By Hye Won Cecilia Lee on May 13, 2024

The Kronos Quartet (Photo: Lenny Gonzalez)
The Kronos Quartet (Photo: Lenny Gonzalez)

Kronos Five Decades — George Crumb: Black Angels; Aleksandea Vrebalov: ilektrikés rímes; Steve Reich / Triple Quartet; Peni Candra Rini (arr. Jacob Garchik & Andy McGraw) / Segara Gunung: Movement I; Sun Ra, Terry Riley & Sara Miyamoto (arr. Paul Wiancko) / Kiss Yo’ Ass Goodbye; Nicole Lizée / ZonelyHearts. Kronos Quartet, May 9, 2024; Koerner Hall.

On the evening of May 9, 2024, the audience packed into Koerner Hall for the Kronos Quartet: Five Decades. Celebrating their 50th year, Kronos’ sixth concert in Koerner was built on its cumulative identity as a true leader of new music, opening the concert with George Crumb’s Black Angels, followed by four works never heard before in Toronto.

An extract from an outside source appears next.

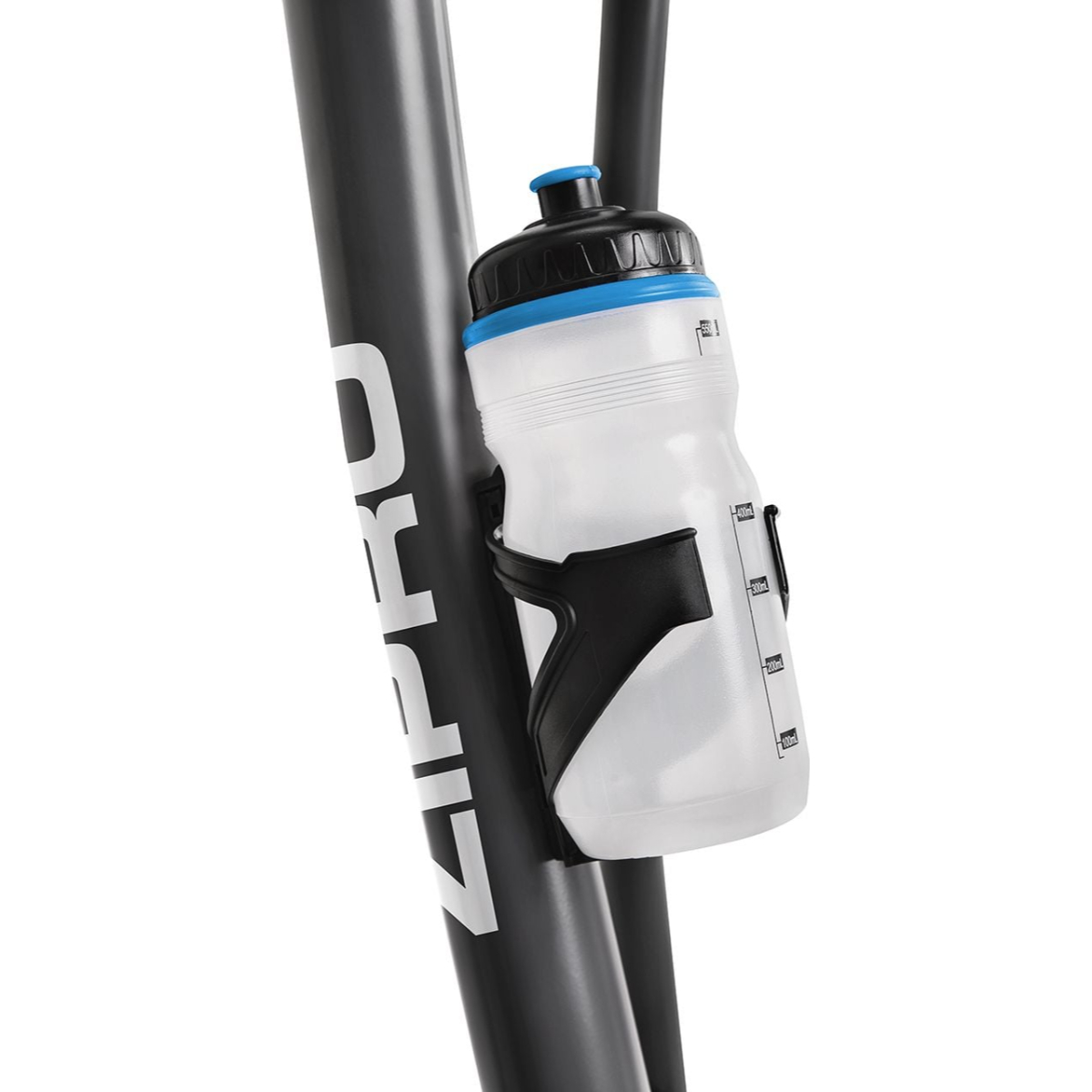 Eine Wasserflasche in einem schwarzen Halter, der an einem schwarzen Fahrradrahmen befestigt ist.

Kronos’ performance of the Black Angels is legendary. Written back in 1970 as a lament for the Vietnam War, it still doesn’t get played very often due to its difficulty, but the work has a manic following of listeners — even in flat, 2D recordings played through tiny headphones and speakers, it mesmerizes. Kronos plays it often, with incredible ease, and it was definitely the audience’s favourite.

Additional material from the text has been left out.